Now if you are given a principal $G$-bundle $p:P\rightarrow X$ over a suitable space $X$ for some topological group $G$, and a representation $\rho:G\rightarrow U(n)$ then you can form the associated vector bundle $P\times_\rho\mathbb{C}^n\rightarrow X$ with total space

$P\times_\rho\mathbb{C}^n=P\times \mathbb{C}^n/[(e,v)\sim(eg,\rho(g)^{-1}v)]$

where $e\in P$, $v\in\mathbb{C}^n$ and $g\in G$. You can now ask for characteristic classes of this vector bundle, and in particular its Chern classes (and there are an infinte number of Chern classes, not just two).

Note that the Chern classes of this bundle are not the characteristic classes of the principal bundle $P$, but are the characteristic classes of some principal $U(n)$-bundle $Q\rightarrow X$ that admits a $(G,\rho)$-reduction of structure to $P$.

The principal bundle $P$ will have its own set of characteristic classes deriving from the cohomology of the classifying space $BG$ of $G$.

Note in particular that the vector bundle $P\times_\rho\mathbb{C}^n$ is not the adjoint bundle $ad(P)$, which is another vector bundle whose characteristic classes have even less to do with those of $P$. Consider for instance the canonical line bundle $\eta$ over $\mathbb{C}P^1=S^2$. Since $U(1)$ is abelian we have that $ad(\eta)\cong S^2\times \mathbb{R}$ is trivial (recall that the Lie algebra of $U(1)$ is $i\mathbb{R}$). However $\eta$ itself is not trivial and is in fact associated to the Hopf $S^1$-bundle $S^3\rightarrow S^2$ which has first Chern class $1\in H^2(S^2)$.

In summary it makes equal sense to ask for the characteristic classes of a principal bundle or the characteristic classes of a vector bundle with structure group $G$ if the representation $\rho$ is understood.

As for the second question, instantons cannot have a Chern class. Instantons are generally understood as certain field configurations. Given for instance as a suitable connection on a principal of vector bundle. I think what you are referring to is the instanton charge, which in the case above is defined to be the Chern class of the bundle to which the instanton is related. As I understand it a $U(1)$-instanton can not have non-zero second Chern class. It can have non-zero first Chern class. In fact for rank $N=1$ we have $c_1=n$ and $c_2=0$.
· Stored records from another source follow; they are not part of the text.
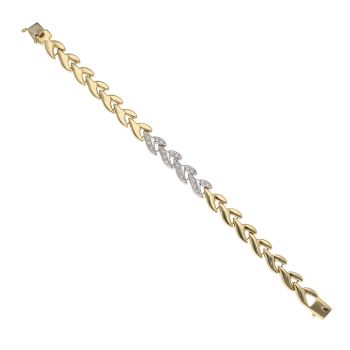 18ct Yellow Gold 0.20ct Brilliant Cut Diamond Fancy Bracelet 7"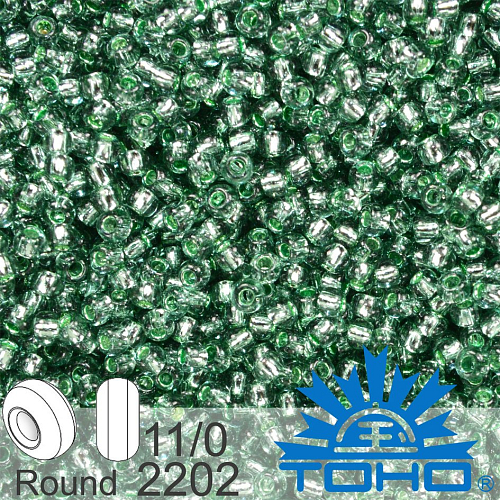 Korálky TOHO tvar ROUND (kulaté). Velikost 11/0. Barva č. 2202 Silver-Lined Prairie Green, Balení 8g.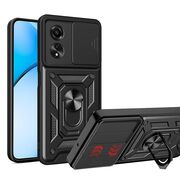 Husa pentru Oppo A60 Ring Armor Kickstand Tough Rugged Cover cu protectie camera, negru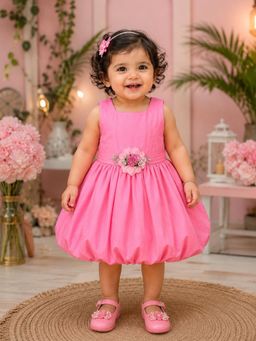 PSPeaches - Pink Solid Taffeta A-Line Dress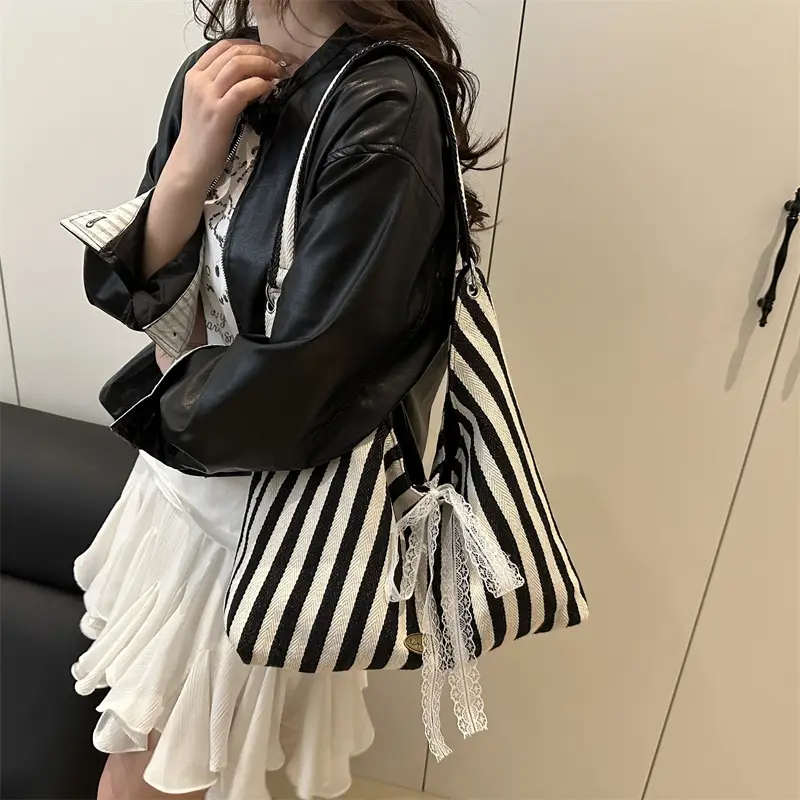 Women Red White Striped Lace Bow Tote Bag - Image 6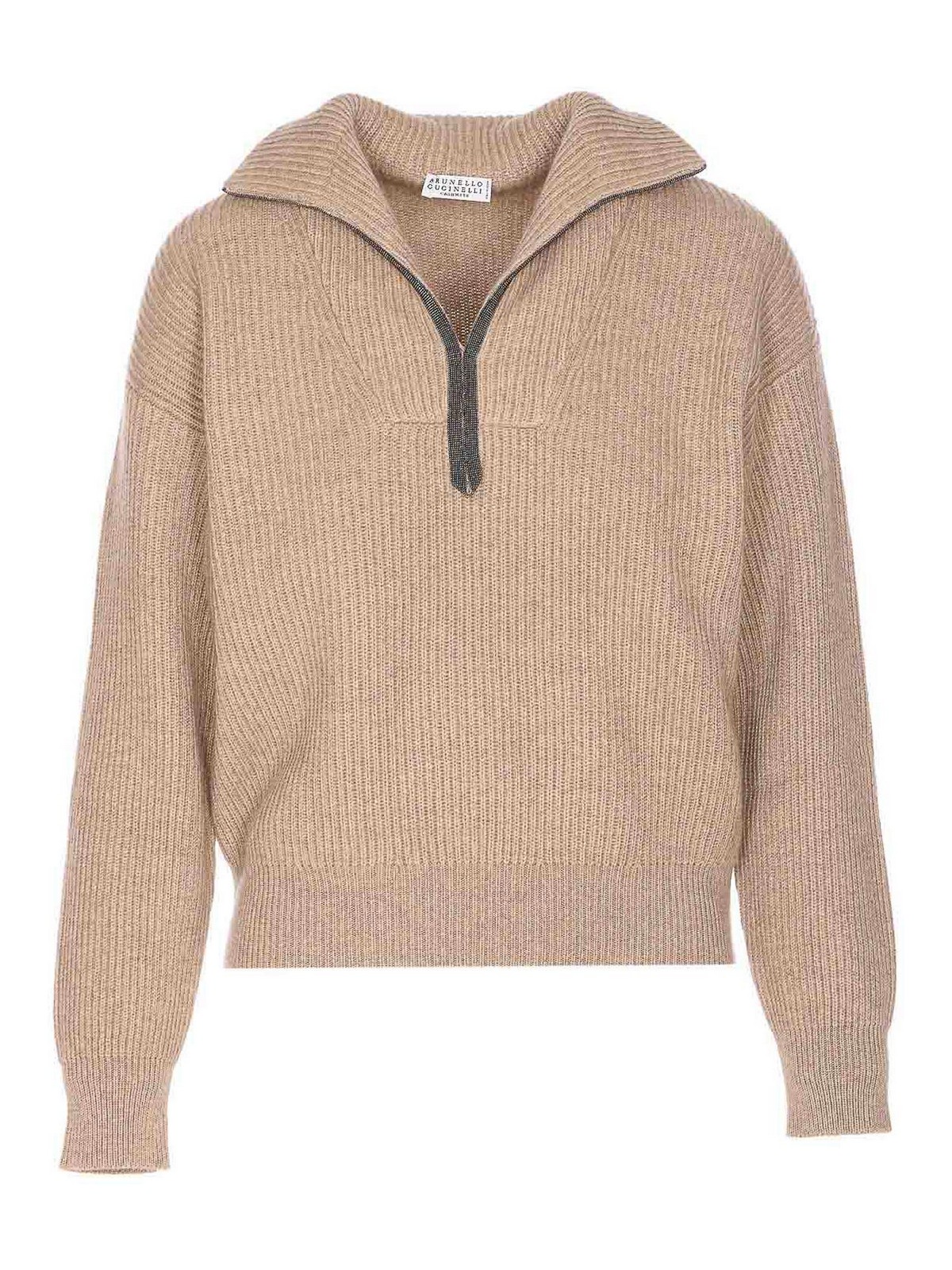 Brunello Cucinelli Sweater With Monile Detail In Neutral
*Edit: Added to clarify comments.

I wasn't quite clear above. In the following I'll limit attention of $U(n)$-bundles. There is a one-to-one correspondence between (complex) vector bundles over $X$ and $U(n)$-bundles over $X$. This happens in one direction through the construction I gave above, and in the other by taking the frame bundle of a given vector bundle.

Thus, given a complex vector bundle $E\rightarrow X$ of rank $n$ we have a principal $U(n)$-bundle $Fr(E)\rightarrow X$ and an isomorphism of vector bundles $Fr(E)\times_{U(n)}\mathbb{C}^n\cong E$ over $X$. We can then take a connection on either bundle and ask for the Chern classes it gives. To see that the classes defined by each are the same recall firstly that a connection on a principal bundle induces one on any associated bundle. So a connection $A$ on the principal bundle $Fr(E)$ induces one, $\nabla_A$, on the vector bundle $Fr(E)\times_{U(n)}\mathbb{C}^n\cong E$. Moreover it is seen that both connections $A$ and $\nabla_A$ yield identical curvature 2-forms. Thus

$c_i(E)^{\nabla_A}=c_i(Fr(E))^A\in H^*(X)$

where we add a superscript to denote which connection we use to define the classes.

Now recall that the Chern classes are independent of the choice of connection. It follows that any other connection $A'$ on $Fr(E)$ yields identical Chern classes

$c_i(Fr(E))^A=c_i(Fr(E))^{A'}\in H^*(X)$.

By the same reasoning any other connection $\nabla'$ on your original vector bundle $E$ yields identical Chern classes

$c_i(E)^{\nabla'}=c_i(E)^{\nabla_A}\in H^*(X)$.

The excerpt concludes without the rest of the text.